「無許可学術調査に鉄槌を」(2019年03月25日)

巨大蜂の発見を、インドネシアの国法を犯して行われた科学者の業績と見るか、作法無視
の跳ねっ返り魂のなせる悪行とみるかは別にして、インドネシア学術界はその現象が広が
る一方であることを強く懸念している。

観光産業振興を目的にして観光入国がきわめて容易になっている現状がその状況を支えて
いるのは疑いがない。その状況を利して四人のポーランド人が、巨大蜂発見のニュースに
酔う世界をしり目にインドネシア国内に醸成され始めた無許可学術調査への怒りを知らぬ
まま、似たようなことを行ったものの二匹目のどぜうはいなかった。

いや、本当に知らなかったのか、それとも見くびったのか?いくらなんでもインドネシア
の国法を知らなかったわけでもあるまい。

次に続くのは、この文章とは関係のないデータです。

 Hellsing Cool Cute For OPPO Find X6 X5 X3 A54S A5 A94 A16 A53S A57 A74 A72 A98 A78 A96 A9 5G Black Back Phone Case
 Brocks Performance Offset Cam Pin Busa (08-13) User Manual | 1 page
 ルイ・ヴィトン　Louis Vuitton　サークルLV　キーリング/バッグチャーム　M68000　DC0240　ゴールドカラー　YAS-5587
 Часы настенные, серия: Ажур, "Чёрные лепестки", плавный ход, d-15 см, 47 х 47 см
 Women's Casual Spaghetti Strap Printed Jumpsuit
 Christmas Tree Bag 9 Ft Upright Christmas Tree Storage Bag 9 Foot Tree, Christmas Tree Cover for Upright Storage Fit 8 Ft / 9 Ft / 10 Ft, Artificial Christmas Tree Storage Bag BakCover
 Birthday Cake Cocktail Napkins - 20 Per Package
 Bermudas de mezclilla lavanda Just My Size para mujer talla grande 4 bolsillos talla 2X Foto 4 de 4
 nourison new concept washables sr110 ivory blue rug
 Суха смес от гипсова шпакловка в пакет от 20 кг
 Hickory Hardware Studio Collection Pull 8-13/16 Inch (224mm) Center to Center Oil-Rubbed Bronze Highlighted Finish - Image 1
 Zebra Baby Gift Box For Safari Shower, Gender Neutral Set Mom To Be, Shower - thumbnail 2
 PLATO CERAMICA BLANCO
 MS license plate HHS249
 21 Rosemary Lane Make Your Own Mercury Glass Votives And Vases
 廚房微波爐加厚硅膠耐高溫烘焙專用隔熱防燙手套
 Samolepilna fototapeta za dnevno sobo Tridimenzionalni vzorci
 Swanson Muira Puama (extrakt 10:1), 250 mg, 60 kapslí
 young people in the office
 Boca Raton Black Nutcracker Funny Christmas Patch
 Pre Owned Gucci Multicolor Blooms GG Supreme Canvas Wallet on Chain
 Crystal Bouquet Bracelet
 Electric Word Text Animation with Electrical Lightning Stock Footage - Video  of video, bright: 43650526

それではあまりにもナイーブすぎる。

この記事で学術調査という言葉を使ってきているが、本当の科学者が学術進歩を目的にし
て行う行為だけを対象にしているわけでないことを、まずお断りしておこう。希少価値を
持つ生物を収集するコレクター精神、更にはそういうキュリオの売買で一儲けをたくらむ
商売人などがそこに一括りにされていることは議論の余地がない。

象牙の塔にこもる純粋純朴な科学者でなくとも、現地調査を行って珍しいものを収集する
コレクターがそれを行っても、学術的なカテゴリーに属すことがらという点においては違
いがないという解釈だ。要は、希少価値を持つ動植物をインドネシア領土内で収集して持
ち帰る外国人の行為がそれに該当しているということなのである。インドネシア側から見
た一方的な語法ではあるが、何しろ主権者が言っているのだから、従うしかあるまい。


西カリマンタン州シンタン県クラム丘自然保護林の境界線の内側とクラム丘にあるマリア
洞窟の付近で、2019年3月18日と19日に昆虫採集をしている4人の白人が逮捕さ
れた。逮捕したのはイミグレ捜査官・国軍諜報戦略庁捜査員・地元警察の混成班で、この
種の事件ではたいてい、地元民からの通報によって急遽実働班が編成され、容疑者逮捕に
出動するのが一般的なプロセスになっている。

取調べの結果、その四人は全員がポーランド人で、2019年3月2日にオランダからス
カルノハッタ空港へのフライトで到着して入国手続きを済ませ、その後西カリマンタンに
移動して保護林内で動植物の採集を行っていたことが明らかになった。インドネシア共和
国リサーチテクノロジー高等教育省が発行している学術調査許可はまったく保有しておら
ず、四人の行動は入国目的への違反行為であることから、現地のイミグレーション事務所
はかれらの身柄を即時拘留した。

その報告が伝わるや、リサーチテクノロジー高等教育省は現地のイミグレーション事務所
と法務省イミグレ総局に対して、その四人を厳罰に処すよう要請する文書を出している。

その四人は珍しい蘭や希少な昆虫を保護林一円で採集しており、かれらの獲物の中にはタ
ランチュラや足が赤い色のムカデや青い色のムカデなどがふた付きガラス管に納められて
いた。かれらを取り調べたイミグレーション諜報捜査官は、足の赤や青色のムカデは生ま
れて初めて見た、と語っている。

英国タランチュラソサエティ会報誌2019年2月号にマレーシアのサラワク州で発見さ
れたブルータランチュラ(Birupes simoroxigorum)の新種に関する報告があり、マレーシ
ア政府は現地を訪れた三人のポーランド人が密かにそれを国外に持ち出したものと見て非
難している。その三人は現場調査を行う収集家であると見られており、西カリマンタン州
で今回逮捕された四人のポーランド人はその事件と関連性があるのではないかとインドネ
シア政府は見ている。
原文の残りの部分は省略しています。